[Information supplied Boundary: Start]

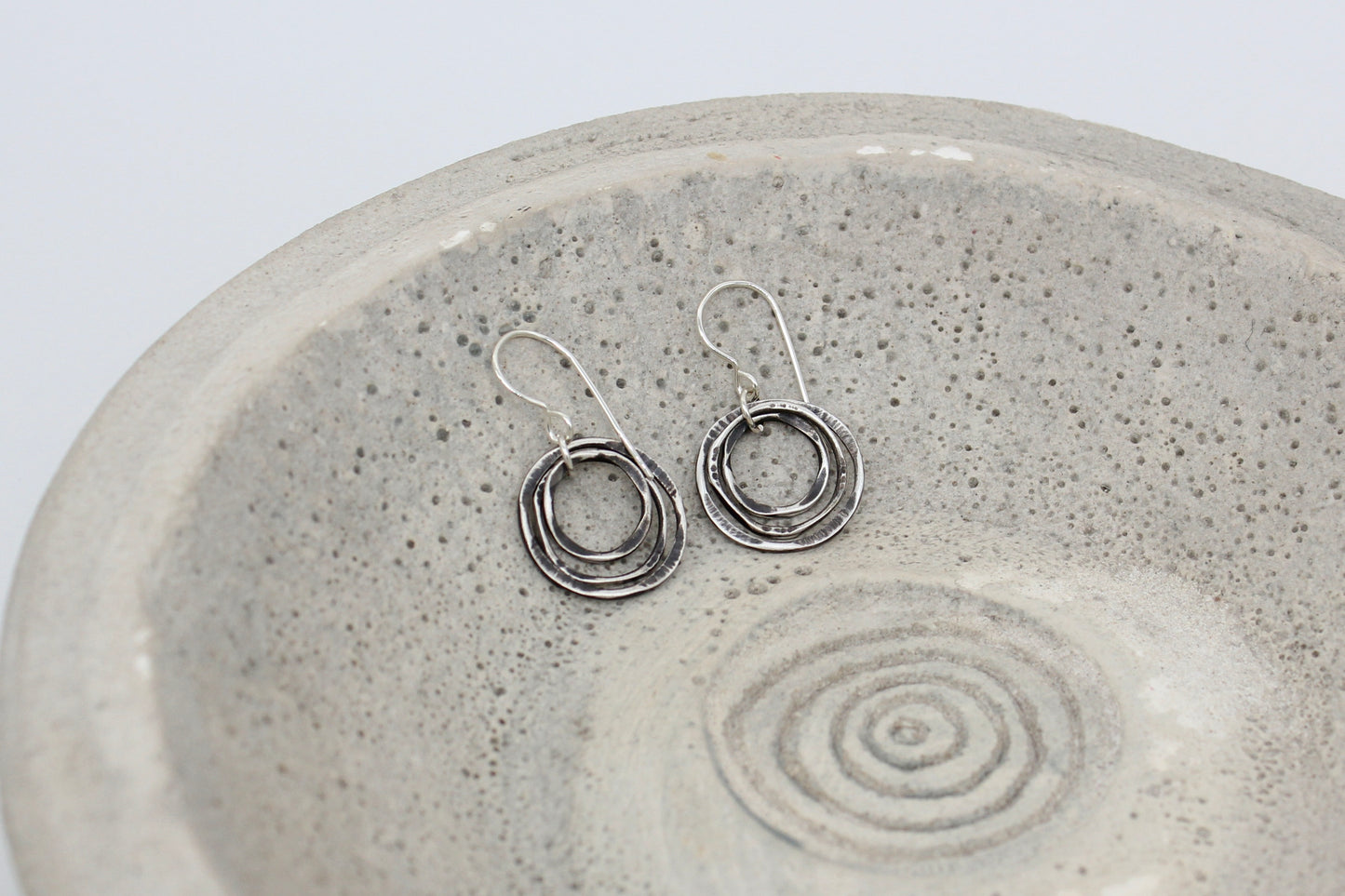 Hammered rings earrings small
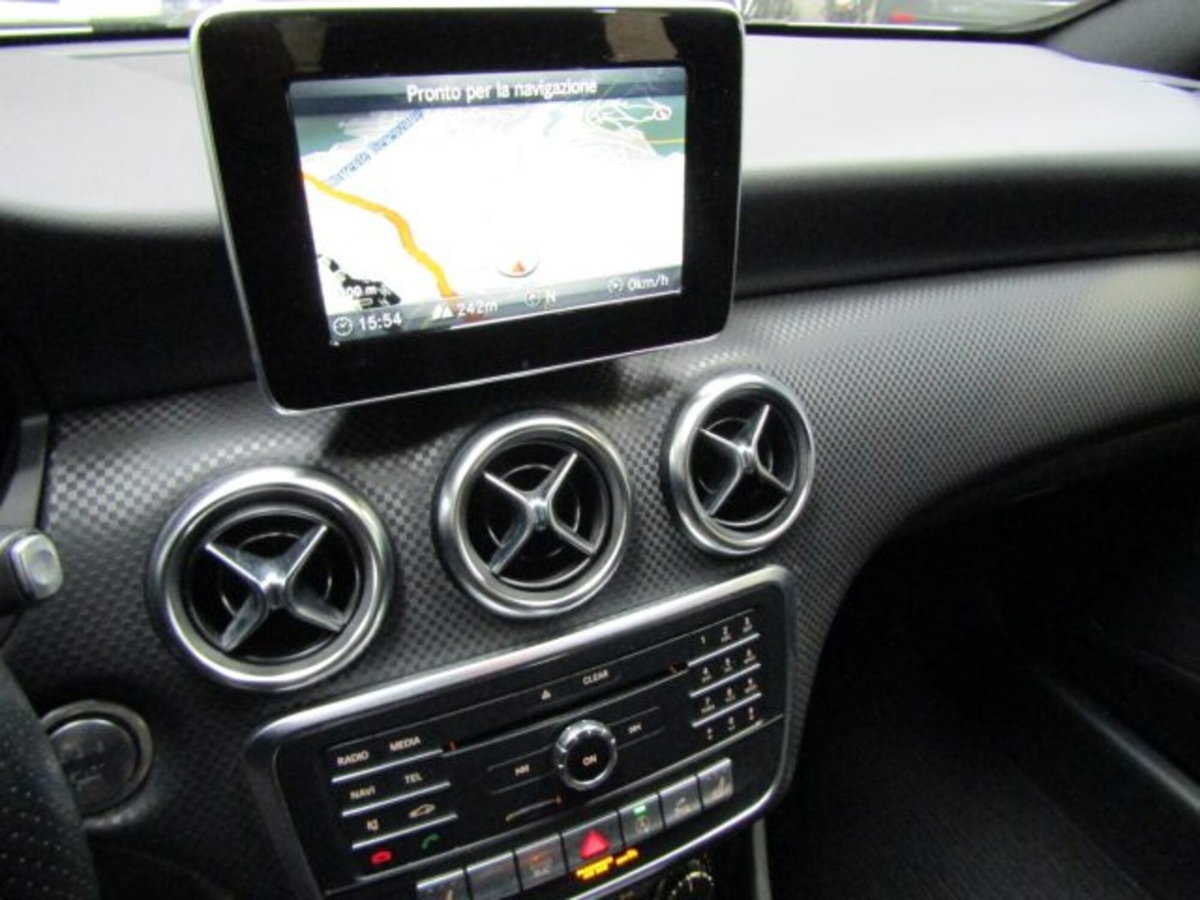 Mercedes-Benz Classe A 180 Sport (20)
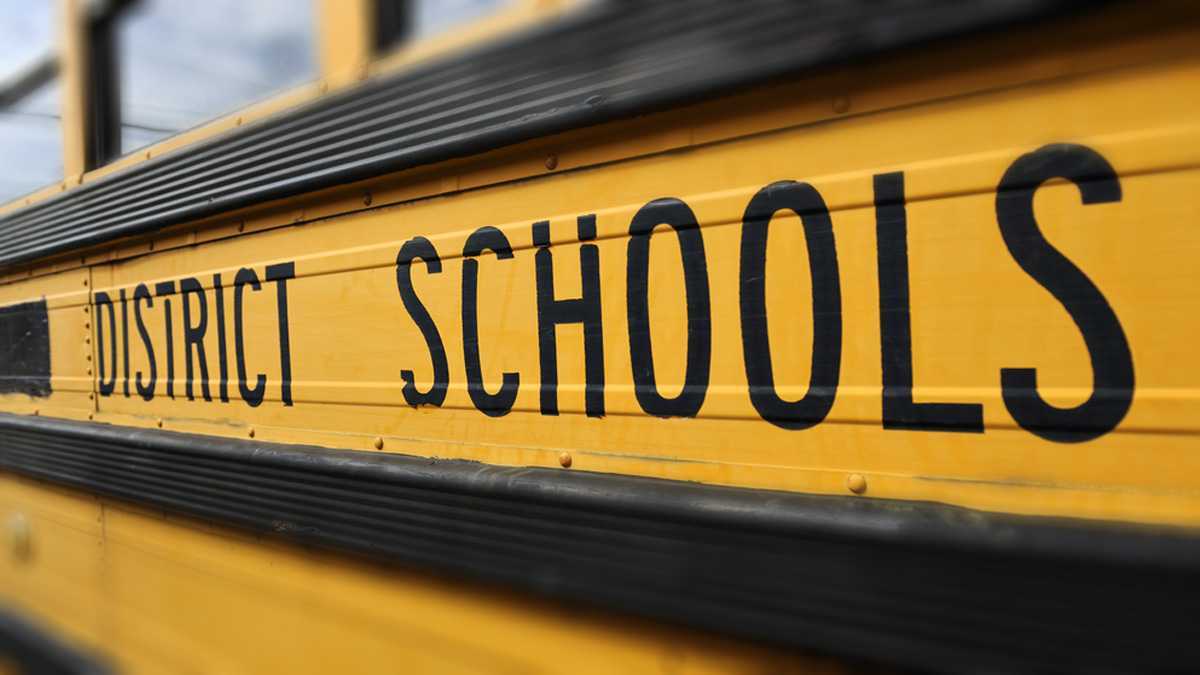 (Yellow school bus via ShutterStock)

[Information supplied Boundary: End]

## [Task item]
The full text of the data above, exact and without pictures, is what to return.

## [The completed task]
 Hammered rings earrings small
 Mercedes-Benz Classe A 180 Sport (20)
 (Yellow school bus via ShutterStock)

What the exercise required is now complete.